Figure 2 shows the architecture of the proposed ANN-MD. There are two phases in the ANN-MD: training phase and testing phase. The training phase is responsible to train abundant samples, adjust the weights of each behavior using ANN, and then construct an MD expression. First, we collect some common suspicious behaviors identified from three sandboxes [9] [10] [11] and store them in the suspicious
behavior database. Next, we submit the training samples including malicious and benign ones to the sandbox web sites for collecting the runtime behaviors of them. By comparing each sample’s runtime behaviors with the behaviors in the suspicious behavior database, we can train and adjust the weights of each behavior by using ANN. At the end of the training phase, we construct an MD expression.
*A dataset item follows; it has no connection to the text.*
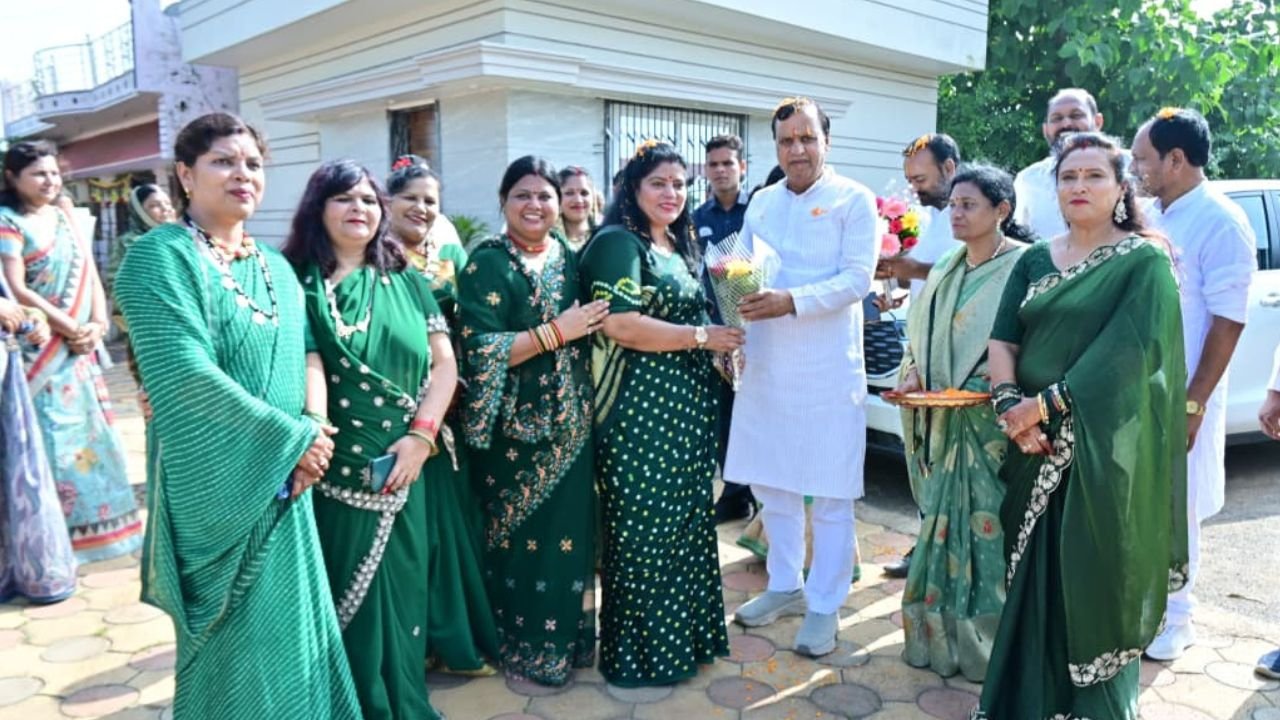 Sawan Utsav: भाटापारा में भाजपा महिला मोर्चा ने मनाया भव्य सावन उत्सव, प्रतियोगिताओं में महिलाओं ने दिखाया हुनर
According to the MD values of the training samples, we can set an optimum MD threshold, as shown in Figure 3. The quantities of samples at the two ends of the double-headed arrows line are relatively large. There are a few ambiguous samples at the middle of the line. The optimum MD threshold can discriminate malicious samples from benign samples located at the ambiguous area. The testing phase is responsible to test and judge whether an unknown sample is malicious or not. We first submit the unknown sample to the sandboxes for collecting its runtime behaviors. By using the MD expression which was constructed at the end of training phase, we can calculate the MD value of the unknown sample. If the unknown sample’s MD value is larger than the MD threshold, the unknown sample is identified as malware. Otherwise, it is identified as benign software.
Figure 3. Distribution of malicious and benign samples.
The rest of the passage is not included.